Turns out I can totally get along with normal people if my anxiety isn’t screaming in my ear and making it hard to think.
I wish I had Xanax back when I was at VFS. I am sure people would have loved me then and been happy to recommend me to jobs.
Oh well. The thing about the past is that it passed. It’s gone, over, finished. It is eternally immutable and can never be changed.
All my profs at VFS screwed me over and there’s nothing I can do about that.
I wonder if at least Rick Drew stood up for me. He seemed to like me.
Anyhow, the sun has started to go down and that means I am feeling sleepy in a strange, slightly spooky kind of way.
I think I may be starting to “sundown”. Actually, I think it’s been happening for a while and I only just became conscious of it.

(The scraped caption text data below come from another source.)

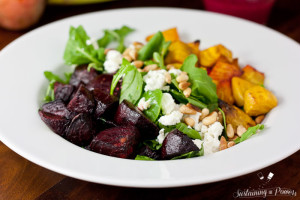 Roasted Beet Salad with Beet Basil Pesto Vinaigrette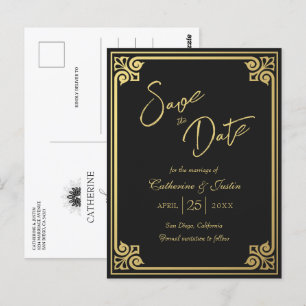 Postal Moderno Art Deco Oro Negro Peacock Ahorra La Fecha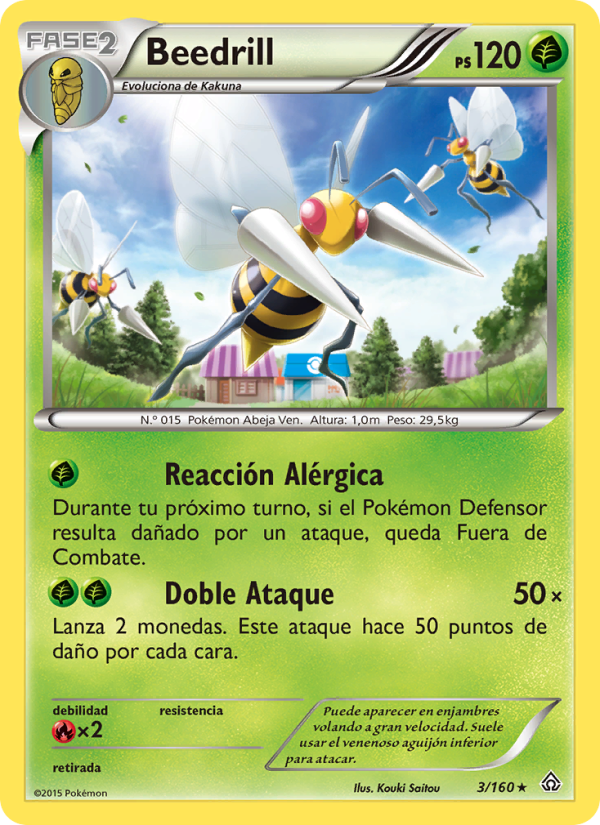 Beedrill 3 — Duelos Primigenios (Spanish Pokémon TCG card)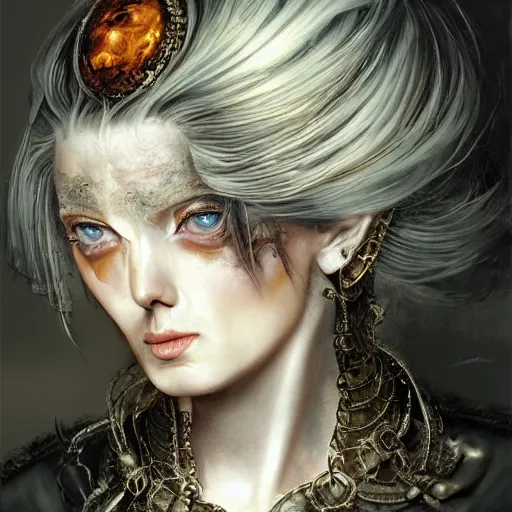 Image similar to portrait, headshot, insanely nice professional hair style, dramatic hair color, digital painting, of a old 17th century, old cyborg merchant, amber jewels, baroque, ornate clothing, scifi, realistic, hyperdetailed, chiaroscuro, concept art, art by Franz Hals and Jon Foster and Ayami Kojima and Amano and Karol Bak,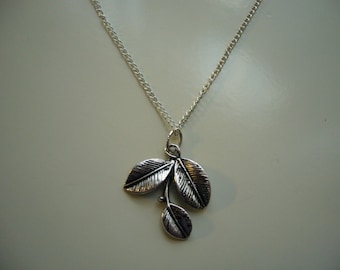 Leaves Pendant Necklace - Antique Silver Leaves Necklace - Leaves Pendant Charm - Miniature Leaves- Nickel Free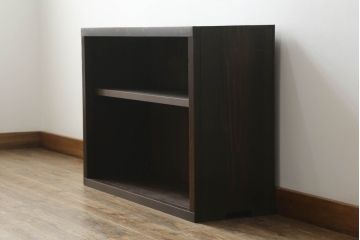 昭和初期の飾り棚をリペア&カスタム!A4サイズに合わせて棚板を調整。1トーン濃い色味に着色仕上げ。(オープンラック、本棚、書棚、陳列棚、収納棚、サイドボード、サイドキャビネット、店舗什器)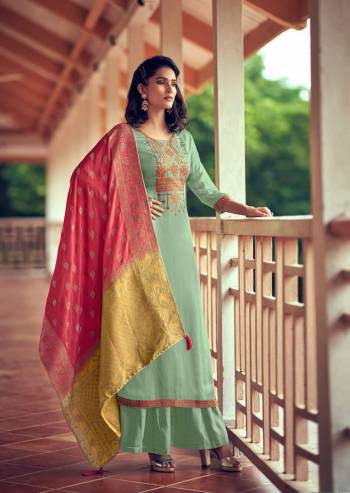 For Your Semi-Casual Wear, Grab This Designer Embroidered Dress Material In Fine Colored Top Paired With Bottom And Dupatta Are Hand Dyeing. This Dress Material Is Dola Silk Based Paired With Botton Are Dull Santoon And Dola Jacquard Designer Fabricated Dupatta.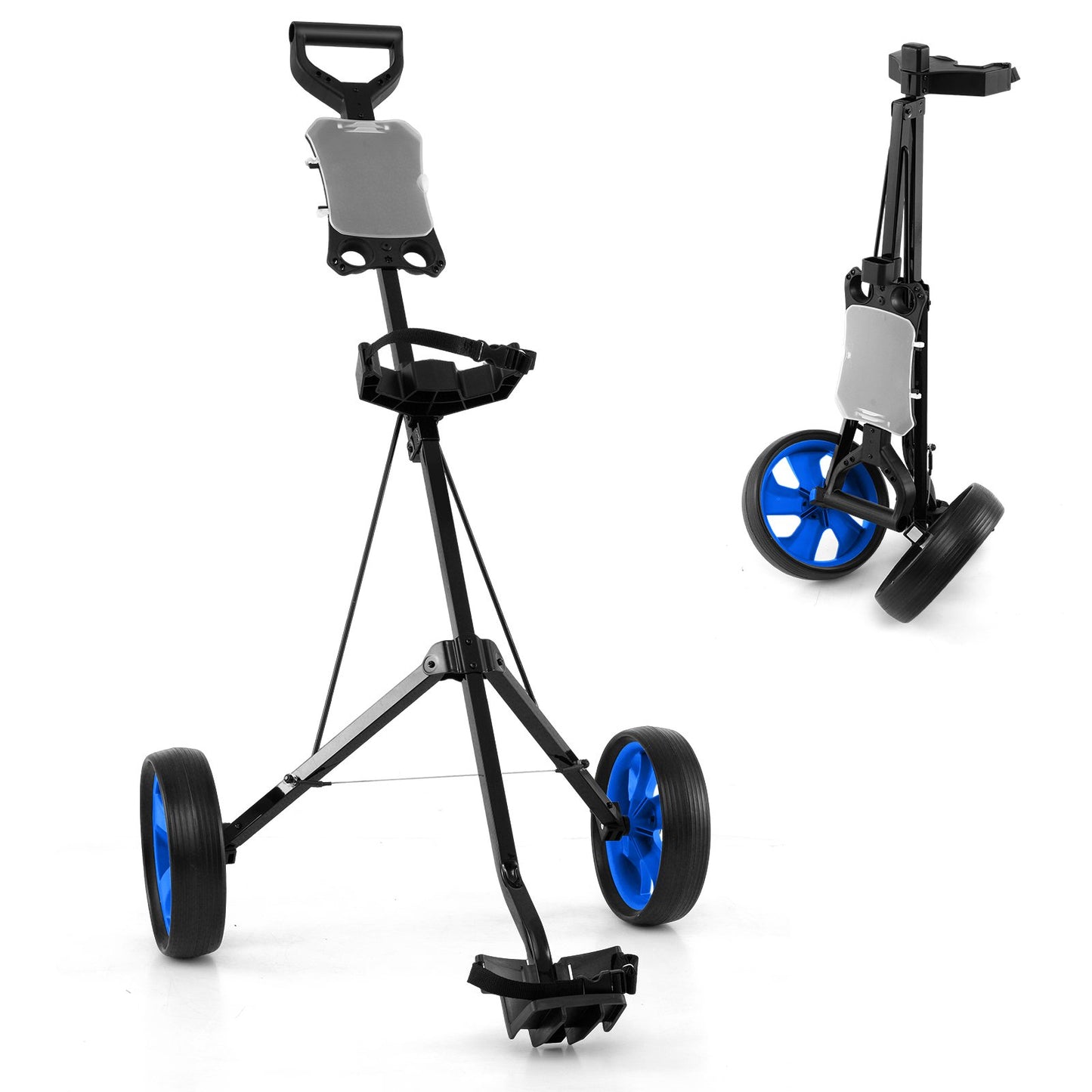 Foldable 2 Wheels Foldable Golf Cart with Scoreboard-Black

And I know calling it “sundowning” is me being totally overwrought and histrionic. Actual sundowning only happens to people with dementia and I am nowhere near that yet.
I am, at most, becoming slightly more absentminded. And I am having the usual age related “senior moments” when something I am trying to think of just vanishes from my mind like a rather shitty magic trick.
I am no more demented than I have ever been. Mua ha ha ha ha.
I have just noticed this mood shift that occurs once twilight begins. I start to feel sort of cold and insular and withdrawn, and like all I want to do is sleep.
I think part of me wants to hibernate.
Well too bad! There’s stuff to do and fun to be had. I am trying hard to go in the opposite direction and become more awake and involved with life, not less.
I’m working on it.
I have only just gotten to a place where I don’t nap as much. I am in the process of breaking myself of the habit of seeking to “hide” from life in sleep whenever my incredibly low impact life becomes too much for me.
I don’t have to do that. If I fail to snooze as much, all that happens is that my body reaches a little deeper into my personal energy supply to keep me up, and I end up sleeping later on.
Ideally, I will get to the point where I sleep eight hours a night like a normal person, but I don’t see that happening real soon.
And some people think that a nap during the day is actually good for us, so there’s that.
And now, I will indeed nap as I have had a long (for me) day.
More after the break.
I took that nap
I took the above mentioned nap and yet, somehow, I am still sleepy.
And cold. Around 8:30 pm, this chill started creeping in on me and I have been feeling distinctly refrigerated ever since.
The most obvious explanation is, of course, that it’s cold in here. By 8:30 pm the sun was mostly down and so the temp dropped outside and this bedroom of mine is not quite thermally sealed, so the temp difference between inside and outside air sought some kind of equilibrium and that sucked some heat out of the room.
I know that’s a more scientifically elaborate explanation than necessary. I could have said “Cold out thar means cold in hyar” or the like.
But I enjoy doing the sciencing, so humour me.
If so, I may have to fire up that fan heater I got last Spring to keep me warm.
It’s a rather crude and inelegant solution but it works.
It could also be that the thermostat in this room has somehow ended up turned down again, in which case I will be very upset.
So I really hope it’s not that. I know that I set it to 27 C a couple weeks ago, as 25 C was not quite cutting it. And I will turn it up again if I have to.
But if I find it turned all the way down to nothing again, I will pitch a fit because I have made myself very very clear on the subject, that nobody is to touch my thermostat but me, ever, except by my explicit and immediate instruction.
I don’t wanna have to do that, so, here’s hoping.
Finding out I am cold because of someone else’s interference feels like such a betrayal.
And of course, I might be coming down with something. It could be that sort of chill. It did seem to come with a vague feeling of unwellness but nothing definitive.
So I will check the thermostat and see what’s up.
Then I will crawl under the covers and take yet another nap.
Maybe I really AM starting to hibernate.
In which case…. see you next Spring, I guess!
I will talk to you nice people again tomorrow.